President Trump’s 20 percent tariffs imposed on Canadian lumber in January are hitting close to home
Homebuilders and potential new-home buyers are getting squeezed from a spike in lumber prices.
Just as the homebuilding industry is revving up, tariffs imposed on lumber imports are sending housing construction costs through the roof.
Tariffs on Canadian lumber are adding to higher costs for wood, which are fueling housing price increases.
“Tariffs overall are raising prices anywhere between five and eight dollars a square foot depending on what type of home your building and what area. Compared to last year, overall lumber prices have gone up anywhere from 60 to 70 percent compared to last year,” said MPM Homes owner Moses Mostaghas.
The tariffs come on top of soaring property values the past five years. When a labor shortage is factored, it adds to the cost along with rising interest rates.

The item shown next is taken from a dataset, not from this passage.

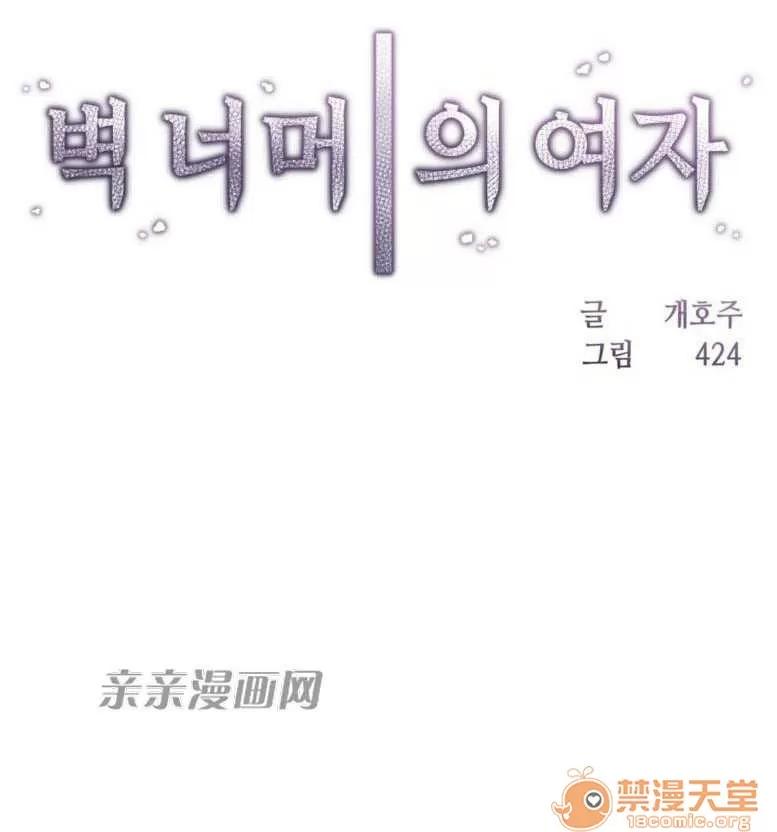 墙外少女 Chapter6 第14页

“It is actually pricing people out of purchasing a home,” Mostaghasi said. “Home affordability has changed over the last couple of years, and it’s only going to get worse so if you’re in the market, the time is now because in the future, prices will be higher, and interest rates will only go higher.”
The home price increases have reduced the affordability compared with other parts of the country.
“Even the home prices have overall gone up in Corpus compared to the rest of the United States. Our prices are still relatively low if you compare them to prices in California, Florida, and Washington,” Mostaghasi said. “As far as the state of Texas, our home prices are still competitive to Austin, San Antonio, Dallas, and Houston as all those places are experiencing the same things we are here in Corpus. Labor shortages, higher interest rates, and higher prices in all types of material, not just lumber.”
The rising prices hit every end of the market, and they make cost estimates very difficult.
“It is very hard to give anything more than 30-day estimates. Right now prices are changing daily, not just in lumber, but lighting, plumbing, hardware, concrete, and cable steel. Tariffs affect all these types of products,” said Mostaghasi.
The experts see a residential slow down, but do not see an end to the current South Texas boom.
“Higher interest rates and higher prices always lead to slow down soon and the overall purchase of homes whether it’s new or used,” he said. “But there are always people in need of homes, and it’s always better to own your own home than it is to rent an apartment or rent a home. Because at the end of the day, you’re creating value and putting your money into a form of a bank account which is real estate.”
So what does this mean for the consumer?
“Unfortunately, what this means is higher home prices for the consumer. And also that some consumers won’t be able to purchase a home at this time until their incomes rise,” said Mostaghasi.